If we aim to achieve a given fairly low level of accuracy or residual with an iterative method, say \(t\) bits, we can ask what the best choice of precision (\(p>t\) bits) is in which to run the computations. It turns out that for Krylov methods (for example), the number of iterations can depend strongly on the precision [4], meaning that the fastest computation might not result from the lowest precision that achieves the desired accuracy.

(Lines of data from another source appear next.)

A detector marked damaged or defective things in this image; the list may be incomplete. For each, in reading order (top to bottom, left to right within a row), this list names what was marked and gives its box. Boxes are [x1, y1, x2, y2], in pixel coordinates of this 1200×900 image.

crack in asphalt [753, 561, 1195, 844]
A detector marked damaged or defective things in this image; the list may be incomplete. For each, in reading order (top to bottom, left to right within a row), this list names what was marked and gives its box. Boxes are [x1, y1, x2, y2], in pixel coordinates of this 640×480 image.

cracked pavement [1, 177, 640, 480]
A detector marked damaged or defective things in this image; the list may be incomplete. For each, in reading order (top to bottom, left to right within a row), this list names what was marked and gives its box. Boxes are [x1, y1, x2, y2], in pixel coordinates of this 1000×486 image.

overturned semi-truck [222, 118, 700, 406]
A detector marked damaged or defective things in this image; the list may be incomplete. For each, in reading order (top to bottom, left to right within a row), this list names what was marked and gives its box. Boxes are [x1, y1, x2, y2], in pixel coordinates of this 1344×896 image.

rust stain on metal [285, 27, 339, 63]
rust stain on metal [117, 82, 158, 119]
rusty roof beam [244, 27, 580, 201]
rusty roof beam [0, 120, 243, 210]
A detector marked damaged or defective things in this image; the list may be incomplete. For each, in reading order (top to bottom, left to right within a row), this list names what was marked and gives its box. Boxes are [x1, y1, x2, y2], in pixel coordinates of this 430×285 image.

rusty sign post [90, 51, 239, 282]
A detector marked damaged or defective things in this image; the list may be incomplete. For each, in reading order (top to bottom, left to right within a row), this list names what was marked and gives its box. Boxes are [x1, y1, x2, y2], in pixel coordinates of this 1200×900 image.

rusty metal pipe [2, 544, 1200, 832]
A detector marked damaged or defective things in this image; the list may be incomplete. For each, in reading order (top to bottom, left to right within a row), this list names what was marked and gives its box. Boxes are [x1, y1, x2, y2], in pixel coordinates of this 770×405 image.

*SIAM News* readers may remember “A Hundred-dollar, Hundred-digit Challenge” announced by Nick Trefethen in January 2002. That challenge asked for 10 problems to be solved to 10-digit accuracy. Although high precision arithmetic could be used in the solutions as part of a brute force attack, it turned out to be generally not necessary [1]. This example serves as a reminder that mathematical ingenuity in the choice of algorithm can enable a great deal to be done in double precision arithmetic, so one should always think carefully before resorting to higher precision arithmetic, with its attendant increase in cost. Nevertheless, today’s multiprecision computational landscape offers great scope for clever exploitation, presenting exciting opportunities to researchers in our community.

**References**

[1] Bornemann, F., Laurie, D., Wagon, S., & Waldvogel, J. (2004). *The SIAM 100-Digit Challenge: A Study in High-Accuracy Numerical Computing*. Philadelphia, PA: Society for Industrial and Applied Mathematics.

[2] Carson, E., & Higham, N.J. (2017). Accelerating the Solution of Linear Systems by Iterative Refinement in Three Precisions. *MIMS EPrint 2017.24*, The University of Manchester.

[3] Langou, J., Langou, J., Luszczek, P., Kurzak, J., Buttari, A., & Dongarra, J. (2016). Exploiting the performance of 32 bit floating point arithmetic in obtaining 64 bit accuracy (revisiting iterative refinement for linear systems). In *Proceedings of the 2006 ACM/IEEE Conference on Supercomputing*. Tampa, FL.

[4] Roldao-Lopes, A., Shahzad, A., Constantinides, G.A., & Kerrigan, E.C. (2009). More Flops or More Precision? Accuracy Parameterizable Linear Equation Solvers for Model Predictive Control. In *17th IEEE Symposium on Field Programmable Custom Computing Machines* (pp. 209-216).

[5] Yamazaki, I., Tomov, S., & Dongarra, J. (2015). Mixed-Precision Cholesky QR Factorization and its Case Studies on Multicore CPU with Multiple GPUs. *SIAM J. Sci. Comp., 37*, C307-C330.